[Exercise prompt] In your copy, each line below is repeated exactly and no image appears.

Stored dataset items

[Start of Attachment]

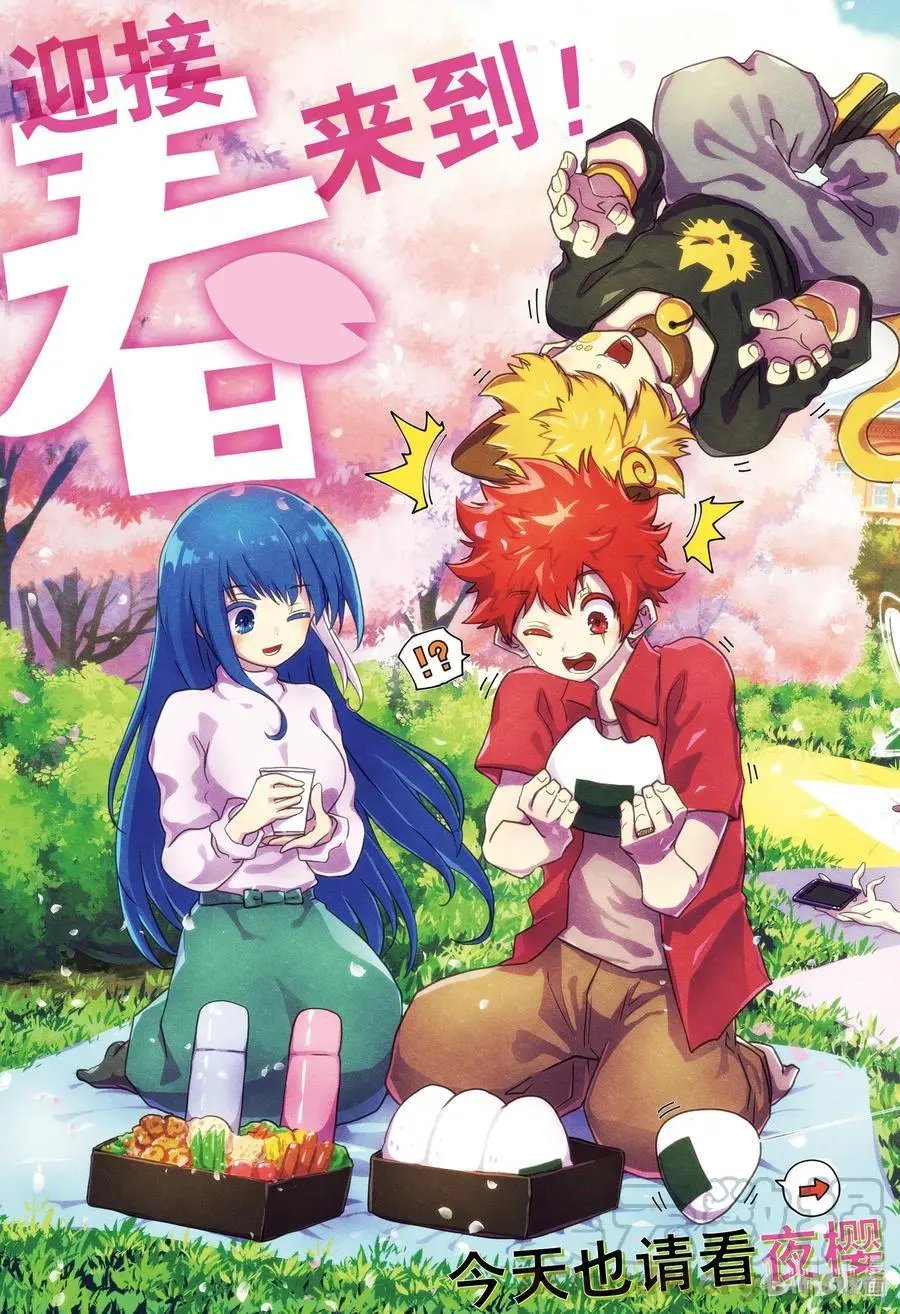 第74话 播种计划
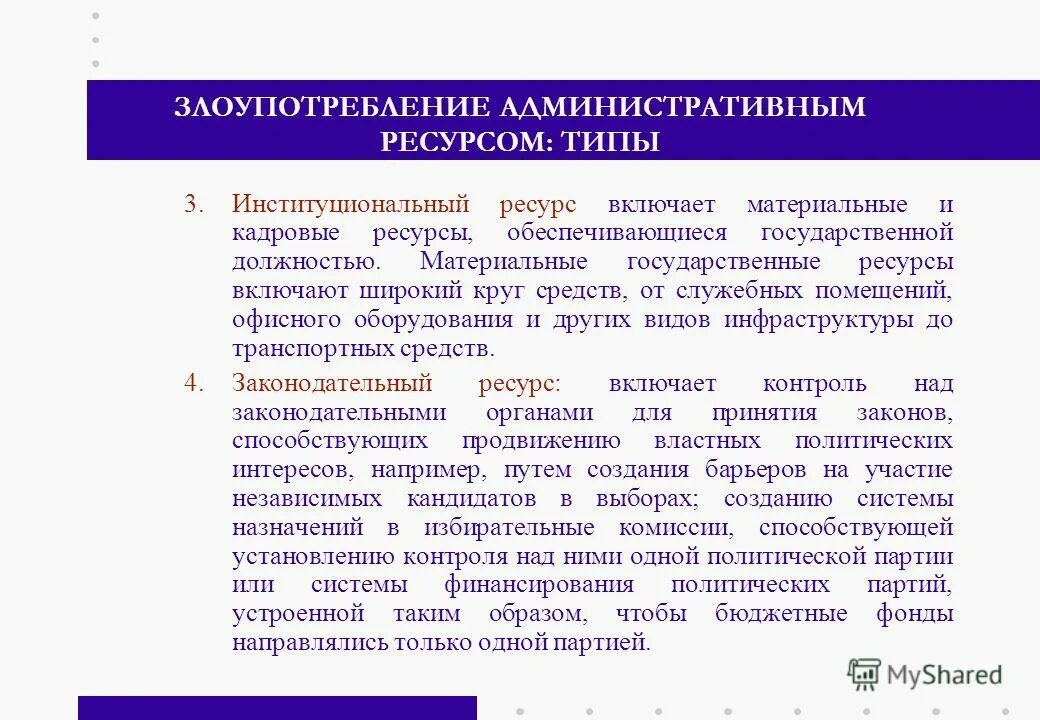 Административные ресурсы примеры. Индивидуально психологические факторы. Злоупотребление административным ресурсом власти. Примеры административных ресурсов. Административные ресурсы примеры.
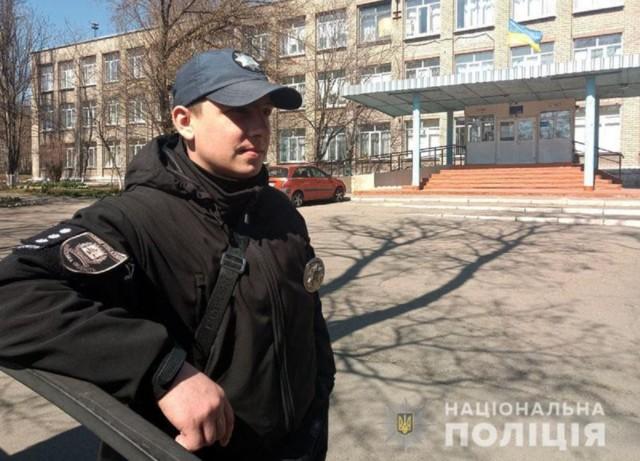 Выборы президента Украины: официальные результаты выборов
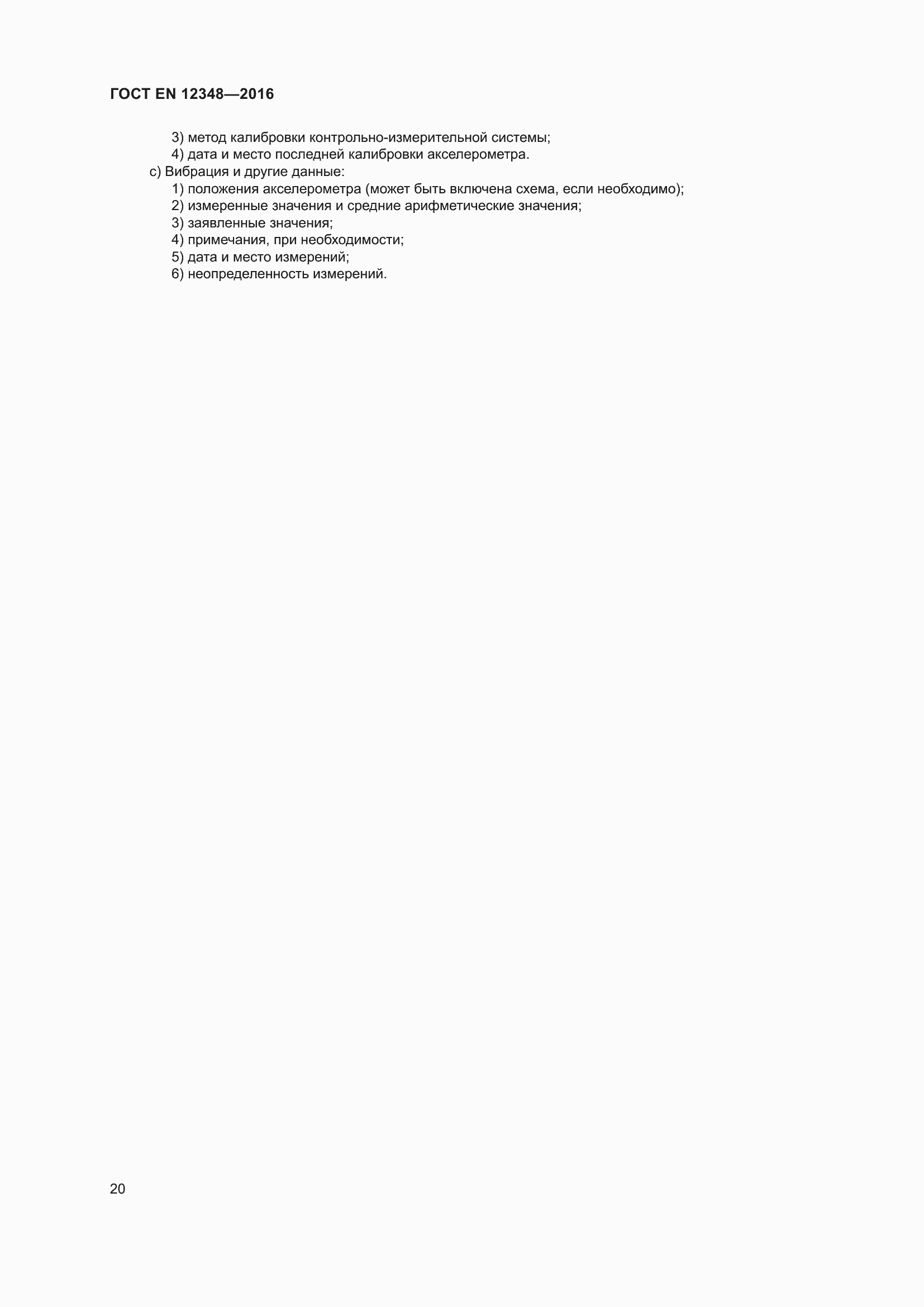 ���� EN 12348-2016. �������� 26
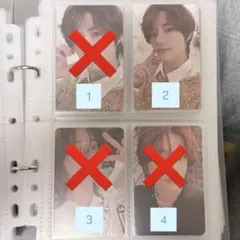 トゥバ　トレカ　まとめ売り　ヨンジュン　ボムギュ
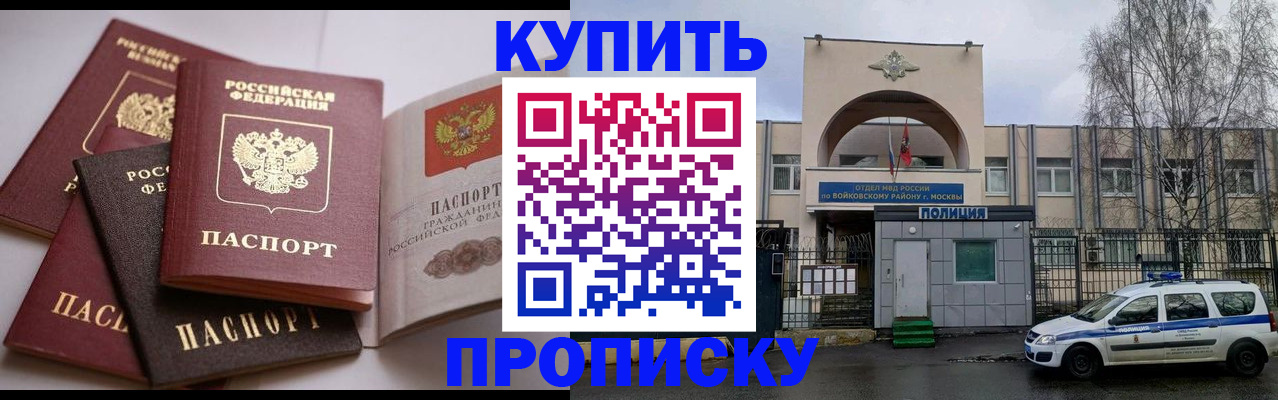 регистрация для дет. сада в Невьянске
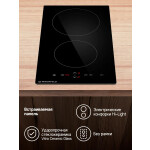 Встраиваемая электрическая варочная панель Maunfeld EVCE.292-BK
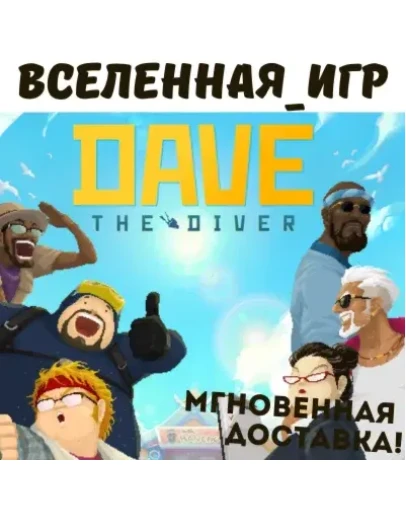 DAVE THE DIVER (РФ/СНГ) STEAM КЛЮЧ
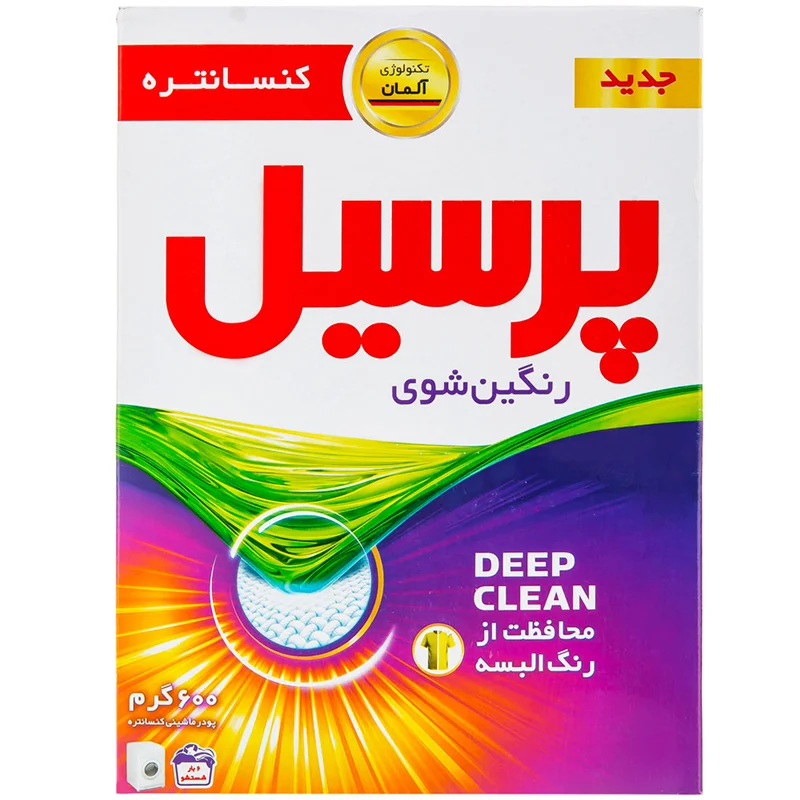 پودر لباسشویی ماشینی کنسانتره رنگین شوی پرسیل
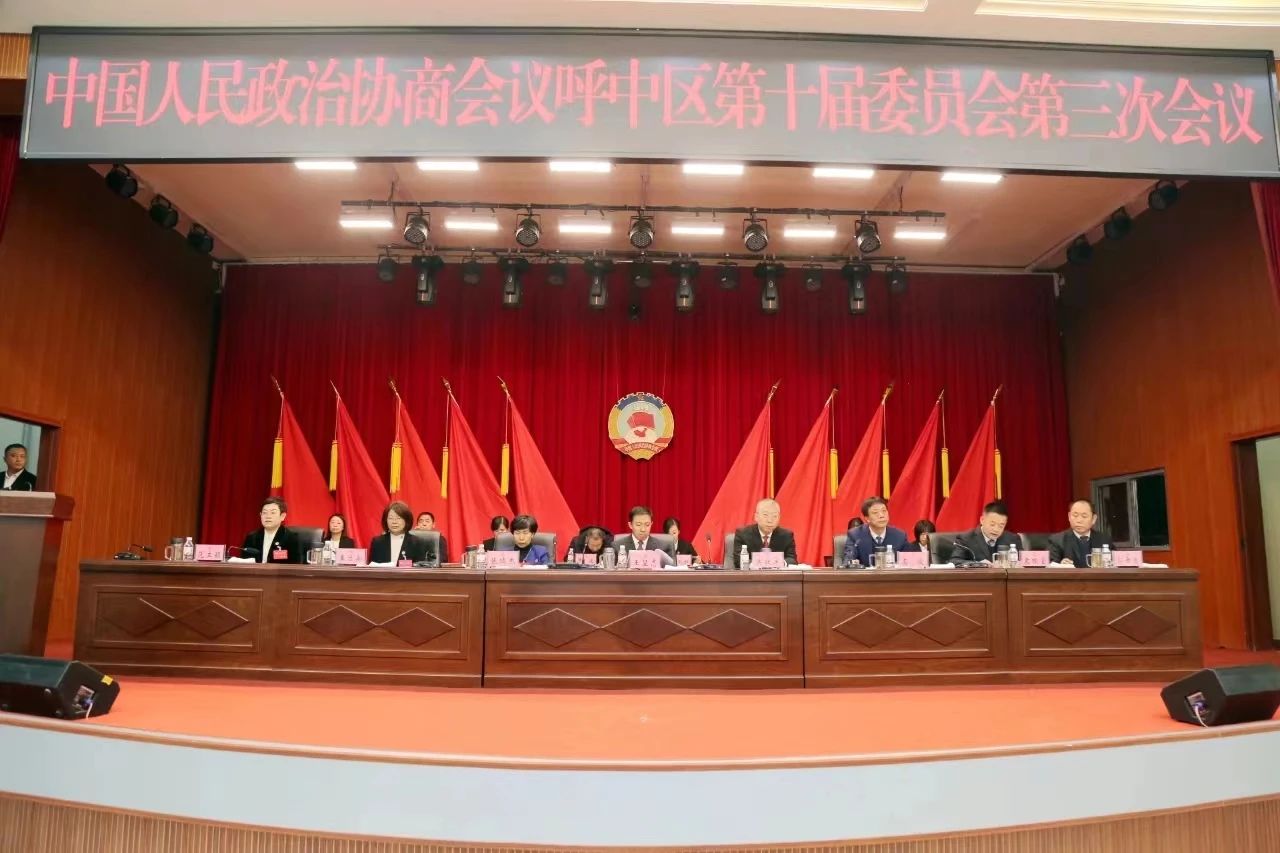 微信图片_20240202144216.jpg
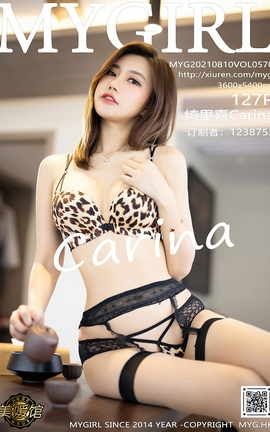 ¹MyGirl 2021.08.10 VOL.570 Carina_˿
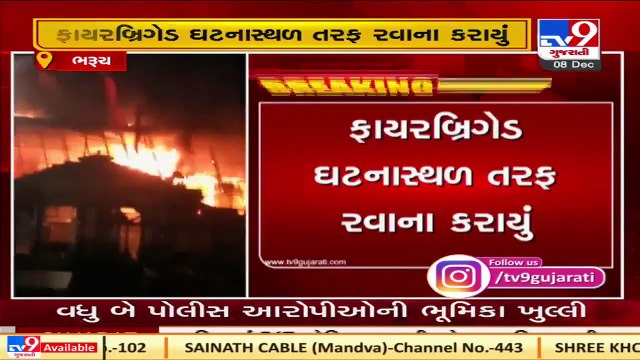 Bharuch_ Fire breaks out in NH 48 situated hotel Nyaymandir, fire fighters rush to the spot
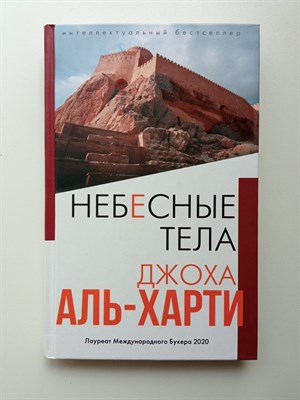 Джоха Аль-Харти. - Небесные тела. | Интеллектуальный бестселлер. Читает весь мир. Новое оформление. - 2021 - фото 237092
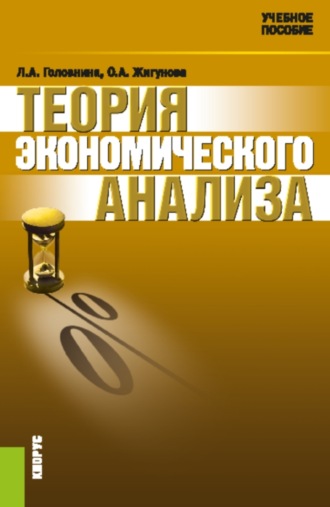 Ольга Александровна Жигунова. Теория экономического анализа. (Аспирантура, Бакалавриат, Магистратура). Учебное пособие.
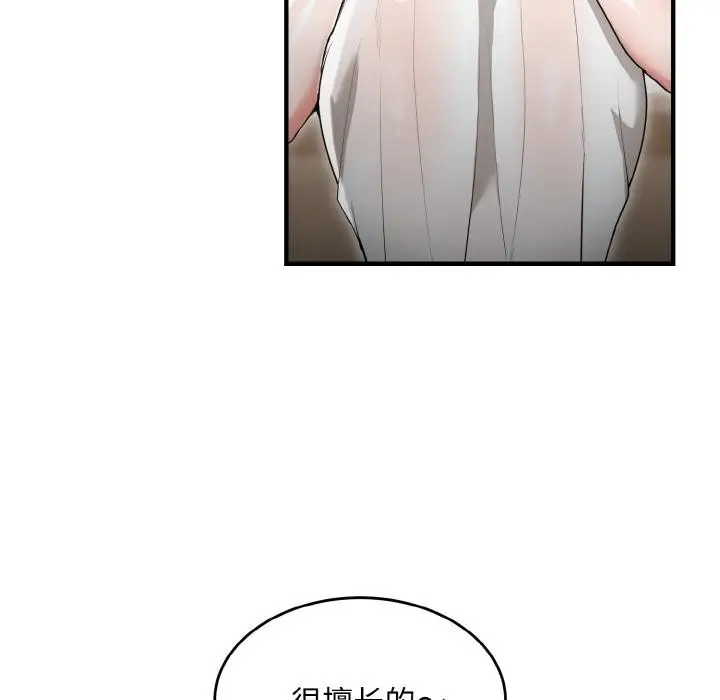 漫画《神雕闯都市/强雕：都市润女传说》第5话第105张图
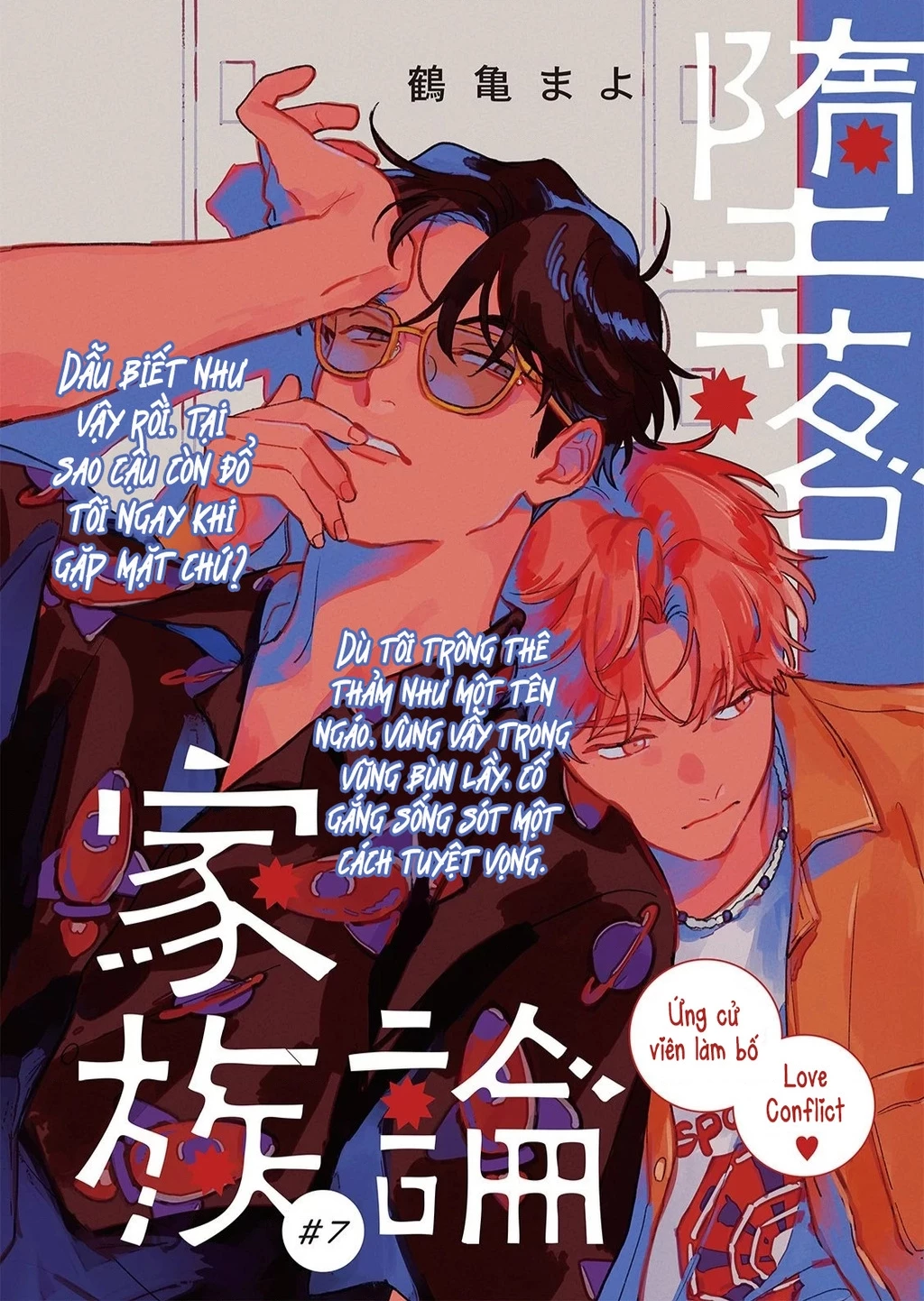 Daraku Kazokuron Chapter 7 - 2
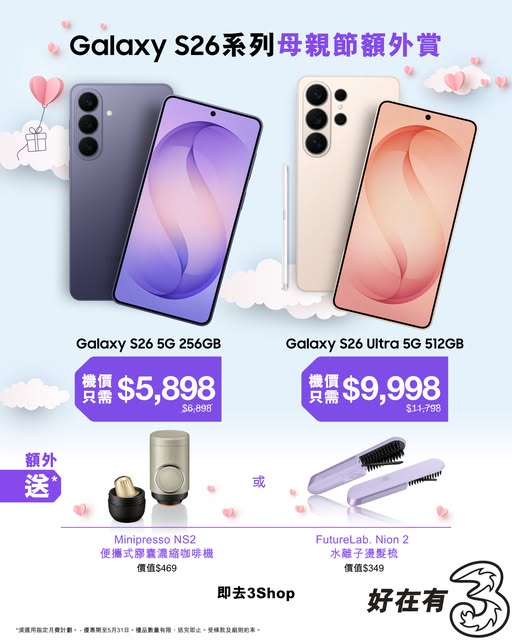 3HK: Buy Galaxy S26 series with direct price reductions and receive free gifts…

[End of Attachment]

[Written answer]
 第74话 播种计划
 Административные ресурсы примеры. Индивидуально психологические факторы. Злоупотребление административным ресурсом власти. Примеры административных ресурсов. Административные ресурсы примеры.
 Выборы президента Украины: официальные результаты выборов
 ���� EN 12348-2016. �������� 26
 トゥバ　トレカ　まとめ売り　ヨンジュン　ボムギュ
 регистрация для дет. сада в Невьянске
 Встраиваемая электрическая варочная панель Maunfeld EVCE.292-BK
 DAVE THE DIVER (РФ/СНГ) STEAM КЛЮЧ
 پودر لباسشویی ماشینی کنسانتره رنگین شوی پرسیل
 微信图片_20240202144216.jpg
 ¹MyGirl 2021.08.10 VOL.570 Carina_˿
 Bharuch_ Fire breaks out in NH 48 situated hotel Nyaymandir, fire fighters rush to the spot
 Джоха Аль-Харти. - Небесные тела. | Интеллектуальный бестселлер. Читает весь мир. Новое оформление. - 2021 - фото 237092
 Ольга Александровна Жигунова. Теория экономического анализа. (Аспирантура, Бакалавриат, Магистратура). Учебное пособие.
 漫画《神雕闯都市/强雕：都市润女传说》第5话第105张图
 Daraku Kazokuron Chapter 7 - 2
 3HK: Buy Galaxy S26 series with direct price reductions and receive free gifts…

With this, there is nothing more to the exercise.